What is known is that women are more likely to develop long COVID than men, and obesity is also a significant risk factor.
"For many people, the consequences of catching COVID-19 have been no worse than catching a common cold. For others, COVID-19 can see one or more symptoms persisting months after the infection has cleared their body," he said.
Professor Berzins said more research was needed to compare long COVID resulting from the Delta and Omicron strains.
"Whether different variants confer the same likelihood or symptoms of long COVID is not yet known."
"The studies that have come out now on long COVID are based on the Delta strain. By definition, long COVID doesn't rear its head for a few months, then it's another couple of months before you're sure you've got the condition, then research takes place after that.

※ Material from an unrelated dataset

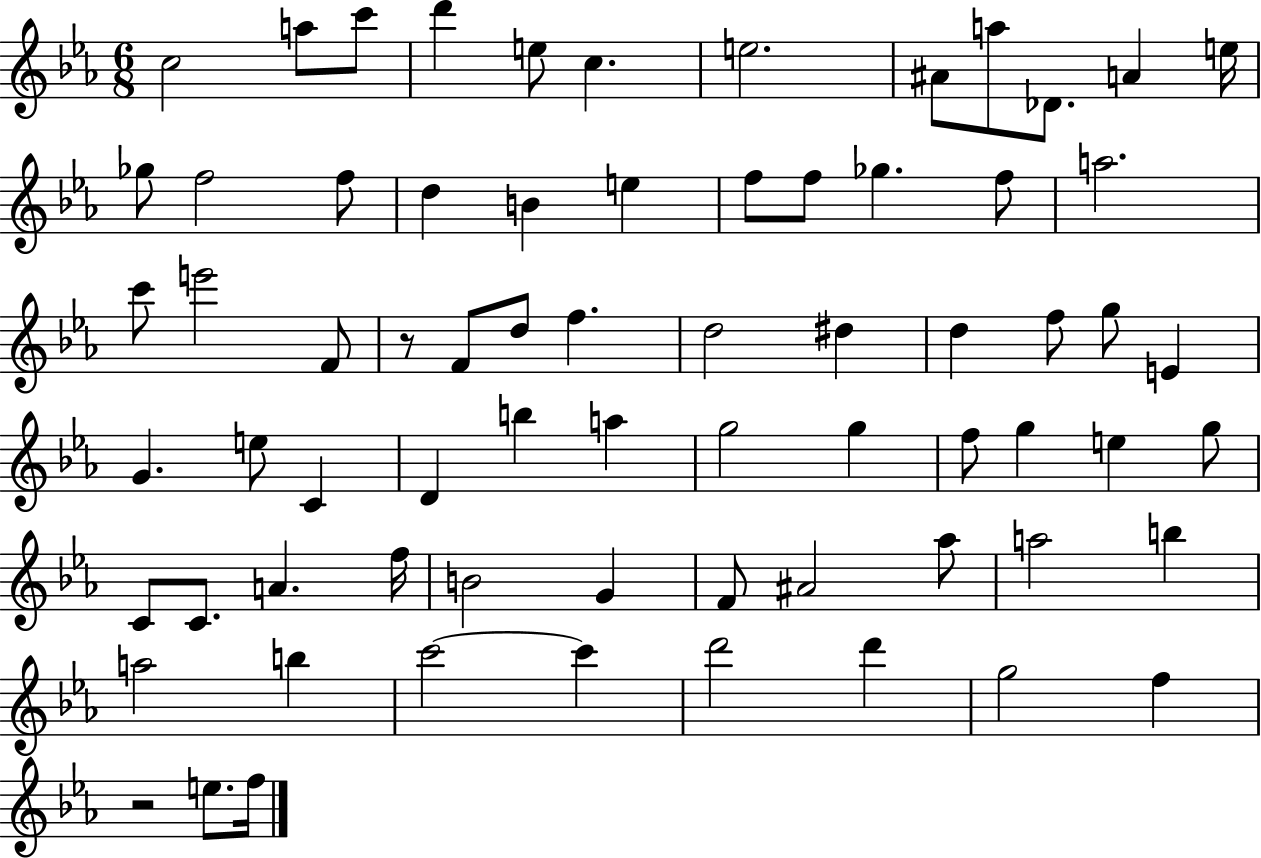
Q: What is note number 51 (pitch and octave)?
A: F5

"To be honest we know virtually nothing about long COVID from Omicron directly because ... the passage of time hasn't been there."
Professor Berzins said the best defence against long COVID was to avoid contracting COVID-19.
"The high rates of vaccination have seen COVID-19 becoming a mild illness for most people who contract it. This has meant the harsh restrictions required earlier in the pandemic are now relaxed or removed entirely, but variants such as Omicron are so transmissible that community infection rates remain extraordinarily high," he said.
"For some people, long COVID will be a consequence of their infection, so it is important that we remain vigilant about minimising COVID-19 cases and continue research in this area so that long COVID can be prevented or treated effectively."